TEMPO.CO, Jakarta - Peneliti bidang hukum The Indonesian Institute, Aulia Guzasiah, menilai posisi Ketua Komisi Pemberantasan Korupsi atau KPK Komisaris Jenderal Polisi Firli Bahuri sebagai analis kebijakan Badan Pemeliharaan Keamanan (Barhakam) Polri akan mengganggu independensi lembaga antikorupsi itu.
Aulia menekankan memang tak ada aturan yang secara eksplisit menyatakan syarat pimpinan atau Ketua KPK harus mengundurkan diri dari instansi apa pun. Namun ketentuan itu jelas tergambar dari sifat dan prinsip kerja KPK yakni harus Independen.
"Terlebih instansi negara yang sebagaimana dimaksud, memiliki irisan tupoksi yang nyaris bersinggungan serta tidak jarang berkonflik dan tak senada dengan KPK," kata Aulia, Jumat, 27 Desember 2019.
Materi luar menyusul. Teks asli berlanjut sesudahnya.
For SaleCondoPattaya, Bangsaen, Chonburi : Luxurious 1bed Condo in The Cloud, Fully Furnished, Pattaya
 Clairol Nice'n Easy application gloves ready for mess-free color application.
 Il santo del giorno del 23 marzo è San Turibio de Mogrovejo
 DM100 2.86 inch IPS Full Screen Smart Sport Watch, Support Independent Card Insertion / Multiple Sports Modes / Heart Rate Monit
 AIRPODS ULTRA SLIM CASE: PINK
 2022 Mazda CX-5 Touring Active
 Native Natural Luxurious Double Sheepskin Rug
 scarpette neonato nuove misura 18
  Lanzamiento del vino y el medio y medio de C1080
Aulia mengatakan syarat calon pimpinan KPK sebagaimana diatur dalam Undang-Undang Nomor 19 Tahun 2019, memang hanya menyebutkan untuk tidak menjadi pengurus parpol, melepaskan jabatan struktural dan atau lainnya, dan tidak menjalankan profesi tetapnya sebelumnya.
Hanya saja, kata dia, hal yang sebenarnya dikhawatirkan pada konteks ini adalah kekhawatiran kinerja KPK ke depan yang cenderung tidak lagi independen. Mengingat salah seorang pimpinannya masih terikat dengan salah satu instansi negara lainnya.
Menurut Aulia, langkah yang paling bijak untuk dilakukan Firli adalah keluar dari instansi sebelumnya. Dia menegaskan status nonaktif tidak cukup untuk bisa kembali menjernihkan stigma negatif dan keragu-raguan masyarakat saat ini terhadap pimpinan KPK yang ada.
"Hal ini sekiranya juga diperlukan oleh yang bersangkutan, jika ingin membuktikan dirinya memang layak dan berniat menjalankan agenda pemberantasan korupsi secara profesional, tanpa sangkut-paut kepentingan instansi apapun," ujar Aulia.